Philips registou vendas de 6.500 milhões de euros no 4.º trimestre

30 JANEIRO 2015
As vendas da Philips atingiram os 6.500 milhões de euros, no quarto trimestre, descendo 2% em termos comparáveis.

O EBITA, excluindo os gastos de reestruturação, gastos relacionados com aquisições e outros itens, ascendeu a 743 milhões de euros, ou 11,4 % das vendas, comparado com 12,9% no quarto trimestre de 2013. Neste período, os ganhos líquidos da empresa totalizaram 134 milhões de euros, frente aos 412 milhões de euros do quarto trimestre do ano anterior. O cash flow disponível melhorou até aos 559 milhões de euros, em comparação com os 481 milhões de euros do período homólogo de 2013.

"O quarto trimestre sublinhou um desafiante 2014 para a Philips. Os nossos esforços de transformação continuaram a mostrar bons resultados, incluindo quando abordamos problemas de rendimento, com a progressão normal em mercados finais como China e Rússia, e impactos significativos com as mudanças cambiais mais fortes do que o previsto, especialmente nos mercados emergentes”, comenta Frans van Houten, CEO de Philips.

Na área de Consumo e Estilo de Vida (Consumer &Lifestyle), a Philips teve um desempenho bom no trimestre, com as vendas comparáveis a aumentarem 6%, continuando a tendência que mantém desde há três anos. O negócio de Health &Wellness teve um crescimento de dois dígitos e a Iluminação (Lighting) registou um aumento de 20% nas vendas de LED e ampliou as suas margens em LED apesar da forte erosão dos preços.
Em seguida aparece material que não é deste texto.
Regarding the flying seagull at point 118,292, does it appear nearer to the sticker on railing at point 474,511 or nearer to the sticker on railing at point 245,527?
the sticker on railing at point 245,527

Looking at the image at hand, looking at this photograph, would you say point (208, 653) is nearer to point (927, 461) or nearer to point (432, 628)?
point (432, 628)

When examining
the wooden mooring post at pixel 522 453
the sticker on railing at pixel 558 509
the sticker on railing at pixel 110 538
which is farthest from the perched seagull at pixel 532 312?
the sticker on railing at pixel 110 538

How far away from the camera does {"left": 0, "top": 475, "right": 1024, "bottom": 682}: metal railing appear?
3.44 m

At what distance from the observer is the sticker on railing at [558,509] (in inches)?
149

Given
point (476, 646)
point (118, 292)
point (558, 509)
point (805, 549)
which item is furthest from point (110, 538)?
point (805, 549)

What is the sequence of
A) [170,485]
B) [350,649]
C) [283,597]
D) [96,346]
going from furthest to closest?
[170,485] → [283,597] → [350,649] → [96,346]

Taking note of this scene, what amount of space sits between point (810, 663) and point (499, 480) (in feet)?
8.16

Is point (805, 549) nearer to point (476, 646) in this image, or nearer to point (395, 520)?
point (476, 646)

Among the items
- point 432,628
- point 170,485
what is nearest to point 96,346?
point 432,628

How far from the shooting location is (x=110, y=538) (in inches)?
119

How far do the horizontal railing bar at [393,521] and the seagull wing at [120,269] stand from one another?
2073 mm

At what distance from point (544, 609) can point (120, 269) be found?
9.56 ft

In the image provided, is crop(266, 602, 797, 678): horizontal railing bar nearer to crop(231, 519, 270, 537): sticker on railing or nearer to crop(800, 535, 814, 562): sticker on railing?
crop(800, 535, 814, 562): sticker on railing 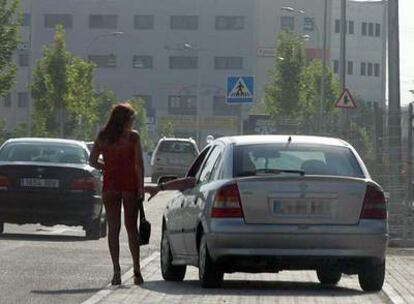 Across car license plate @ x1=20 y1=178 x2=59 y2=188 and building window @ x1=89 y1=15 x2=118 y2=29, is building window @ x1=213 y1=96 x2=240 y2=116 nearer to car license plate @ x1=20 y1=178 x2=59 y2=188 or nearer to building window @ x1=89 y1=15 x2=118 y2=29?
building window @ x1=89 y1=15 x2=118 y2=29

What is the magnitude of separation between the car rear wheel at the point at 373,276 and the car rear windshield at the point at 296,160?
87 cm

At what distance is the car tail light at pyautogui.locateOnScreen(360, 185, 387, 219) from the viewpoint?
1452 cm

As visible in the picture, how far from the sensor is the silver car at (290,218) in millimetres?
14328

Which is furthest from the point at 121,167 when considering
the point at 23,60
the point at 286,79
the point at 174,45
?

No cômputo geral do ano, as vendas comparáveis desceram 1% até aos 21.400 milhões de euros e o EBITA, excluindo os gastos de reestruturação, gastos relacionados com aquisições e outros itens, ascendeu a 1.900 milhões de euros, ou 9% das vendas, comparado com os 2.300 milhões, ou 10,5% das vendas em 2013. Os ganhos líquidos atingiram os 411 milhões de euros, frente aos 1.200 milhões de euros do exercício anterior. O cash flow disponível melhorou até os 497 milhões de euros, em comparação com os 82 milhões de euros de 2013, e o retorno sobre o capital investido foi de 4,5%, em comparação com 13,9% de 2013.

"Em geral, 2014 supôs um retrocesso na nossa trajetória”, continua Frans van Houten. “Entretanto tomámos ações claras para impulsionar um rendimento operacional mais forte em todos os nossos negócios e esperamos melhorias no crescimento das vendas e na margem de EBITA em 2015 e nos anos seguintes. No entanto, perspetivando o futuro, continuamos a ser cautelosos no que diz respeito a fatores macroeconómico, esperando alguma volatilidade em alguns dos nossos mercados finais. Também antecipamos outros gastos em 2015 e 2016, principalmente relacionados com a reestruturação e a separação”.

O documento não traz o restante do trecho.